What uses do residual dried blood spots have?
Each state handles the use and storage of these blood spots slightly differently. Some states store the cards for a limited amount of time and then destroy them, while others may keep them stored indefinitely. These residual samples are kept by some state labs because of their continued value to the family, to laboratories' quality control and assurance monitoring, and to public health and biomedical research.
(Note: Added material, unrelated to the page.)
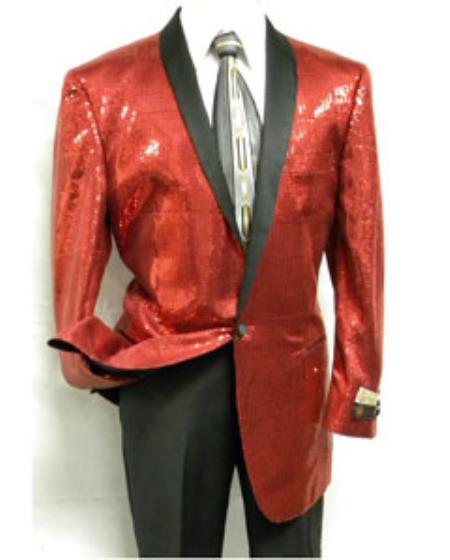 1 Sequin Blazer Button Style red color shade Sequin Entertainer Jacket red color shade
Dried blood spots can be used in the event that a baby requires re-testing, providing a fast alternative to bringing the parents and infant back to the hospital for a new blood draw. This is critical, as many of the conditions screened for by newborn screening need to be diagnosed as quickly as possible. In addition, the dried blood spot can be made available to the parents for further health-related tests for their newborn, and can be used for identification purposes in the case of a missing or deceased child.
How do residual dried blood spots help state public health programs and biomedical research?
Residual dried blood spots can be used in quality assurance and quality control procedures to ensure a laboratory's equipment is working properly. The samples also aid in the development of new newborn screening tests that can be made available to improve the health outcomes of our nation's newborns. Our current newborn screening system is built upon such research.
In addition, public health programs utilize dried blood spots for population-based research. For example, in the early 1990's, dried blood spots were used to discover how many newborns had been exposed to HIV. Furthermore, dried blood spots provide states with an unbiased, complete sample that allows states to better understand factors that contribute to the health of their residents, and to better address public health issues.
In all states, the primary concern of the dried blood spot storage program is security. In most states, once newborn screening is completed, the filter paper containing the residual dried blood spot is separated from the newborn screening card that contains the newborn's identifying information. The residual dried blood spot sample is assigned a code and is stored in a locked on-site facitily accessible only by employees with extensive data privacy training. When the dried blood spot sample is used for research purposes, the sample is assigned yet another code or tracking number, ensuring that the research team is many steps removed from the number assigned to the newborn screening card with identifying information. Additionally, all requests for use of residual dried blood spots for research must be approved - at minimum - by an Institutional Review Board before the de-identified spots can be released for research. Exact procedures vary state-by-state, but such practices are typicial for those implemented in all states and territories practicing dried blood spot storage.
To date, there have been no published reports on the misuse of residual dried blood spots. Privacy protections and patient confidentiality rules ensure that blood spots cannot be accessed by a third party, including insurers and law enforcement. Protecting the interests of the infants from whom the dried blood spots are obtained is of the utmost importance to state public health programs, and states continue to work to develop guidelines for the continued and expanded use of residual samples.